SAUSALITO, Calif. -- Willis Lease Finance Corporation (NASDAQ:WLFC), a leading lessor of commercial jet engines, today reported lease revenue rose 12% in the third quarter of 2006 and 11% year-to-date with 20% growth in its jet engine portfolio since September 2005.
Third quarter net income totaled $1.7 million on revenue of $21.5 million, compared to a loss of $501,000 on revenue of $16.7 million in the third quarter of 2005. After payment and accrual of dividends on the preferred shares, net income available to common shareholders was $904,000, or $0.09 per share, in the third quarter of 2006.In the first nine months of 2006, net income was $3.2 million on revenue of $59.4 million, compared to $2.0 million on revenue of $50.6 million in the first nine months of 2005. After payment and accrual of preferred dividends of $2.0 million, net income available to common shareholders was $1.2 million, or $0.12 per share, for the first nine months of 2006.

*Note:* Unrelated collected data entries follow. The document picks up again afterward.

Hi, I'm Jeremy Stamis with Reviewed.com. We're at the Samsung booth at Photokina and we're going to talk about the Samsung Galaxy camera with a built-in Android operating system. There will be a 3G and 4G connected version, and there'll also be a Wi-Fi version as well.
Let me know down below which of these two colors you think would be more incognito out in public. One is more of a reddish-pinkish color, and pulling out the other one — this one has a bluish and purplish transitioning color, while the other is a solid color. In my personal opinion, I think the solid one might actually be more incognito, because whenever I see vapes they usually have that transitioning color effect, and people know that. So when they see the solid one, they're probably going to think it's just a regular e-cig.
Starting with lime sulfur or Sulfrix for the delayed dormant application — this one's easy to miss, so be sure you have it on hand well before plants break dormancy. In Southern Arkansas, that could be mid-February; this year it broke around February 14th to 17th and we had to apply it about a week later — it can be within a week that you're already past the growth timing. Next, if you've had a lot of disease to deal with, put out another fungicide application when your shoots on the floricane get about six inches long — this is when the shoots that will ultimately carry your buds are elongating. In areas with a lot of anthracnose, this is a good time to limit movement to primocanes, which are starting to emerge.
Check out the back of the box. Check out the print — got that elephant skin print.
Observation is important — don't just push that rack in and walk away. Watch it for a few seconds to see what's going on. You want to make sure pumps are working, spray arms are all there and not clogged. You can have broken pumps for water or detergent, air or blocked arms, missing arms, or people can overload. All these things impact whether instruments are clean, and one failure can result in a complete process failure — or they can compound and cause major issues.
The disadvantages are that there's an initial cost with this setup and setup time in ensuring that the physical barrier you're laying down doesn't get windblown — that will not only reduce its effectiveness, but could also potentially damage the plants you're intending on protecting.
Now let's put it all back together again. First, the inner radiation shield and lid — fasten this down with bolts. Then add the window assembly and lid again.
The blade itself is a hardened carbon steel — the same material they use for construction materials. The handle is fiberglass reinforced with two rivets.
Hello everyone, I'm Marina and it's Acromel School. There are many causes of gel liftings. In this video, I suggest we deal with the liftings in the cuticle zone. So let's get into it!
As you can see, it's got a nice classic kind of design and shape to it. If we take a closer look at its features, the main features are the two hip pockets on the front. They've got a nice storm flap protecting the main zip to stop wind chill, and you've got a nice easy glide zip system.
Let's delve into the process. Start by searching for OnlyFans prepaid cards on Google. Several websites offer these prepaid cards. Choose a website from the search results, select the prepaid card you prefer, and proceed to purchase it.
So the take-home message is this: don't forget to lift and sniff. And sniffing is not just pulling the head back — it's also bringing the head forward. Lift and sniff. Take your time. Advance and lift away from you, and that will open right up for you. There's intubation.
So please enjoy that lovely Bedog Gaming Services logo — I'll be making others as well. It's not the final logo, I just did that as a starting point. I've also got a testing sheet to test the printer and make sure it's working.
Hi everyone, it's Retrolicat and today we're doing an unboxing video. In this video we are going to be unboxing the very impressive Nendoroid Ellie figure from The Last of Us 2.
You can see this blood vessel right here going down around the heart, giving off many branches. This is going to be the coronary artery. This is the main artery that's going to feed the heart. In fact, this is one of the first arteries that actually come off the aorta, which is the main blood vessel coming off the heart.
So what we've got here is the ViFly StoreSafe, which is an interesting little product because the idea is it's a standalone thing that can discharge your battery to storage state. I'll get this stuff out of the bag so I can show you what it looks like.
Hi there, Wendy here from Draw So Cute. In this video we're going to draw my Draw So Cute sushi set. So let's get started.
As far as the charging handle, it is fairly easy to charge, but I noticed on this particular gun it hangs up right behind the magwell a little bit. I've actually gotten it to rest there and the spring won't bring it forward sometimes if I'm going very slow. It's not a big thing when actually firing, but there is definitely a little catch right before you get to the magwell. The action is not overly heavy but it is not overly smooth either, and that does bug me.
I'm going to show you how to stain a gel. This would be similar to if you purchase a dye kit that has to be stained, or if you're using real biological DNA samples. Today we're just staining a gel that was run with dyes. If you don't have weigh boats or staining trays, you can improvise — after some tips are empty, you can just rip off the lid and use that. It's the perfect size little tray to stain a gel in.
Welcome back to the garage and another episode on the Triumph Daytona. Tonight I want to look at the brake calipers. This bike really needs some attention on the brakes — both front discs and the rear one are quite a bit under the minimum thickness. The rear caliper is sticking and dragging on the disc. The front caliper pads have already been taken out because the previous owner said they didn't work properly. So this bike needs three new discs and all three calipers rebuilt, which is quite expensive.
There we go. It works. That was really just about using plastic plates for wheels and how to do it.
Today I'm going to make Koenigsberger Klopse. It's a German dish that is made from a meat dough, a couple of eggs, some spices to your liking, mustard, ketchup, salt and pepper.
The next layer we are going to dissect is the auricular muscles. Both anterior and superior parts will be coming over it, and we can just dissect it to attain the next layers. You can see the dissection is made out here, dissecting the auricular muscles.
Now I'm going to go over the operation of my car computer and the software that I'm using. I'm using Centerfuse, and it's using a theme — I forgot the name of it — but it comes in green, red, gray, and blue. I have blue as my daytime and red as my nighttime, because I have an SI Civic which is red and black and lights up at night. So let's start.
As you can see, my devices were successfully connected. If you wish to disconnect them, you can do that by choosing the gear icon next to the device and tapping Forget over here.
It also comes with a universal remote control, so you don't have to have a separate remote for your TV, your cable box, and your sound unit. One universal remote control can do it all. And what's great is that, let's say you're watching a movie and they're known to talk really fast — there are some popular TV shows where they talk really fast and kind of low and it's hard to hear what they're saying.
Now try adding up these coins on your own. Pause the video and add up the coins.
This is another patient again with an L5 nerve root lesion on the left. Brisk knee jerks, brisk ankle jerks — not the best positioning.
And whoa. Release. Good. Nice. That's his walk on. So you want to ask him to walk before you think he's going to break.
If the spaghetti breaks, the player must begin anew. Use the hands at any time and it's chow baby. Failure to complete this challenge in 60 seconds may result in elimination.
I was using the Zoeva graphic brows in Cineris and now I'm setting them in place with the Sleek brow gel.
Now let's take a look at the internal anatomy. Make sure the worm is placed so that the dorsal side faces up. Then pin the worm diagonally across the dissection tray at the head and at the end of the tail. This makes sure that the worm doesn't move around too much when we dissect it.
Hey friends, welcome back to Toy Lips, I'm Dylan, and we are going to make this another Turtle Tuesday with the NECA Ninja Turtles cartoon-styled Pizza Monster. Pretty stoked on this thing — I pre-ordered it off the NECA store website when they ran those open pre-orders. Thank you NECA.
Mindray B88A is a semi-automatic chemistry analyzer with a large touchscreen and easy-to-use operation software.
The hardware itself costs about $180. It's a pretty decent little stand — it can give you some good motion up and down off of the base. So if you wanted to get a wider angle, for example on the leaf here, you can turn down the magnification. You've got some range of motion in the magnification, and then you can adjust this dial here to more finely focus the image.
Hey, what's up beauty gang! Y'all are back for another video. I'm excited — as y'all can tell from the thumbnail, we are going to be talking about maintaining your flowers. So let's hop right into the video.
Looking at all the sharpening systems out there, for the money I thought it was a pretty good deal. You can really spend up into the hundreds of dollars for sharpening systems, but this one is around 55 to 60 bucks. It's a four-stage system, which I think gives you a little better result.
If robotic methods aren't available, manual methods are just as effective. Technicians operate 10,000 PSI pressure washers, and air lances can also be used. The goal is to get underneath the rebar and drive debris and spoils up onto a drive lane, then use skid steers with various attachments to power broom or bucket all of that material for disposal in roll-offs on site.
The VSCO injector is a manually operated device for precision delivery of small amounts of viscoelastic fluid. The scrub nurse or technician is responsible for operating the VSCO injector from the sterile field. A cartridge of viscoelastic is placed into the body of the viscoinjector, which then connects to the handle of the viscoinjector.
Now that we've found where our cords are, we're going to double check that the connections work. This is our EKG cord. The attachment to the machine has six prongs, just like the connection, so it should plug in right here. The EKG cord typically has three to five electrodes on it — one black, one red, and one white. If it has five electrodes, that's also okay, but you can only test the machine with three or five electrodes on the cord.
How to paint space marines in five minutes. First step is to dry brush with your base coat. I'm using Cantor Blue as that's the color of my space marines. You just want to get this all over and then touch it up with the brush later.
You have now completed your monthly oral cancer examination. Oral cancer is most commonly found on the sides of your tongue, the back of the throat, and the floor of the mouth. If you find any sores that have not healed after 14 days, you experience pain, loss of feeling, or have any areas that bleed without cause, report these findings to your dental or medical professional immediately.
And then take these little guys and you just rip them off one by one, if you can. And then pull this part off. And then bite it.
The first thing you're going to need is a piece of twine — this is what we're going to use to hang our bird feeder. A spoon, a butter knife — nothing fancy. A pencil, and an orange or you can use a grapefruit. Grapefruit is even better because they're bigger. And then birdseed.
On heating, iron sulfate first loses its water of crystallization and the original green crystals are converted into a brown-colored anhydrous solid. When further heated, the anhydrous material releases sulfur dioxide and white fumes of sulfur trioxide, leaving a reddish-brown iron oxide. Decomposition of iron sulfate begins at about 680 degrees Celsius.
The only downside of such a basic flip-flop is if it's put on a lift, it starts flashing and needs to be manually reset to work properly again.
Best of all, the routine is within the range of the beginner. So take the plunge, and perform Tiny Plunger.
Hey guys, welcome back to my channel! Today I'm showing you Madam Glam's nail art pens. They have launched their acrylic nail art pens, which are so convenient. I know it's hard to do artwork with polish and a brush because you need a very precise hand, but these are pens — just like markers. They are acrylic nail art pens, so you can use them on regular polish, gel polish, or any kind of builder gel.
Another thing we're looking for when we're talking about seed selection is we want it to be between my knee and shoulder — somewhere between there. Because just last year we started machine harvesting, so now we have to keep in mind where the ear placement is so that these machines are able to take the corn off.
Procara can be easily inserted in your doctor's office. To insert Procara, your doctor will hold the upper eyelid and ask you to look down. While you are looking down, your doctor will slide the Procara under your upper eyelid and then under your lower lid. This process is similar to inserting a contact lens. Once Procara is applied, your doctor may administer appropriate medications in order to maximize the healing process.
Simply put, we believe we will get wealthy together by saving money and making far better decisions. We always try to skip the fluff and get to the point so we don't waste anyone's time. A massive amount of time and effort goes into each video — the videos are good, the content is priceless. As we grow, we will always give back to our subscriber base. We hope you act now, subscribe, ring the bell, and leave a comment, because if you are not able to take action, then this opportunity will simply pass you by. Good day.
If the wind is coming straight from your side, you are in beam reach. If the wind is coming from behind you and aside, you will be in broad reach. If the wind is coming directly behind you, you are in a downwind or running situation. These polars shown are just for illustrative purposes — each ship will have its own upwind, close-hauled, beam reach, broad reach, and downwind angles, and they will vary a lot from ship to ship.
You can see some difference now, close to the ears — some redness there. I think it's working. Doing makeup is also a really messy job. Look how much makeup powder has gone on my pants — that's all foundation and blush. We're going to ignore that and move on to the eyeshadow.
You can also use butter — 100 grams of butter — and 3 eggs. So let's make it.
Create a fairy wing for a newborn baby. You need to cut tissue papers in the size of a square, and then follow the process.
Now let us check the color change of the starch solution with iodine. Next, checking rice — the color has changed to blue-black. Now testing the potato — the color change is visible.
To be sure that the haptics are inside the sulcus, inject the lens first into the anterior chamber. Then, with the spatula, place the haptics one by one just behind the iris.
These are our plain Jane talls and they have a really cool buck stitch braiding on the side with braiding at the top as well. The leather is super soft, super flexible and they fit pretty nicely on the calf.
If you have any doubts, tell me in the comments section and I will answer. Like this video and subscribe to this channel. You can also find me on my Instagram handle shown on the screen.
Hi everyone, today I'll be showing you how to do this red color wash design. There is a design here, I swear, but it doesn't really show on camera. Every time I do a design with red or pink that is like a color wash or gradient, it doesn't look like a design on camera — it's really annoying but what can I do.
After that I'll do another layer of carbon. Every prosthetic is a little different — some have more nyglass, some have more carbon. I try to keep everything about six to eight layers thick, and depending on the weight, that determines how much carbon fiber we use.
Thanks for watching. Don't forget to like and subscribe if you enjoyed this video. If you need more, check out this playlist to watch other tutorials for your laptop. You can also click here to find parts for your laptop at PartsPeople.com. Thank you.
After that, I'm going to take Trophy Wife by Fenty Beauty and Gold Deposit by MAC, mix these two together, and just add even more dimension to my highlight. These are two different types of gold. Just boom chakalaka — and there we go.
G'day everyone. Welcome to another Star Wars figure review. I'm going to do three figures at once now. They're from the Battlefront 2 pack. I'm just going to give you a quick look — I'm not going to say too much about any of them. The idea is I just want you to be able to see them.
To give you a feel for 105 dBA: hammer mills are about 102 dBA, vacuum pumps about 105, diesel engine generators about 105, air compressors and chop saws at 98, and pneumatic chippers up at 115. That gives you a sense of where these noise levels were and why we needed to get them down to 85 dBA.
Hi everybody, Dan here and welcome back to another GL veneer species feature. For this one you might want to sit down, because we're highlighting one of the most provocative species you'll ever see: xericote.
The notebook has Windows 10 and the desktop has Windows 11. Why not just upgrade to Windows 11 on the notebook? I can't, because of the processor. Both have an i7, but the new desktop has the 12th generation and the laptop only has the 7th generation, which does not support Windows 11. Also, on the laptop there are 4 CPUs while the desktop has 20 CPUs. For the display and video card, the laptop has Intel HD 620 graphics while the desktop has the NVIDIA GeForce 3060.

Results for the third quarter and first nine months of 2006 are not directly comparable to the year ago periods due to a number of factors including the following:
* Stock option expense, a non-cash item, was $125,000 in the third quarter of 2006 and $480,000 year-to-date, and is included in general and administrative expense in 2006 due to the adoption of a new accounting standard. In 2005, stock option expense was not included in general and administrative expense but was disclosed in the footnotes to the financial statements at $168,000 for the third quarter and $433,000 for the first nine months of 2005.
* Prior to December 2005, changes in the fair value of derivatives were recorded in the income statement. After December 1, 2005, hedge accounting was used to account for the change in fair value of cash flow hedges through accumulated other comprehensive income on the balance sheet for all qualified hedges. The change in fair value of derivative instruments had no impact on third quarter 2006 net finance costs as all derivative instruments qualified for hedge accounting, but reduced net finance costs by $332,000 in the third quarter a year ago. Year-to-date, the realized and unrealized gain on derivative instruments reduced net finance costs by $153,000 compared to $721,000 in the first nine months of 2005.
* Preferred dividends paid and accrued were $782,000 in the third quarter and $2.0 million year-to-date following the issuance of preferred stock on February 7, 2006.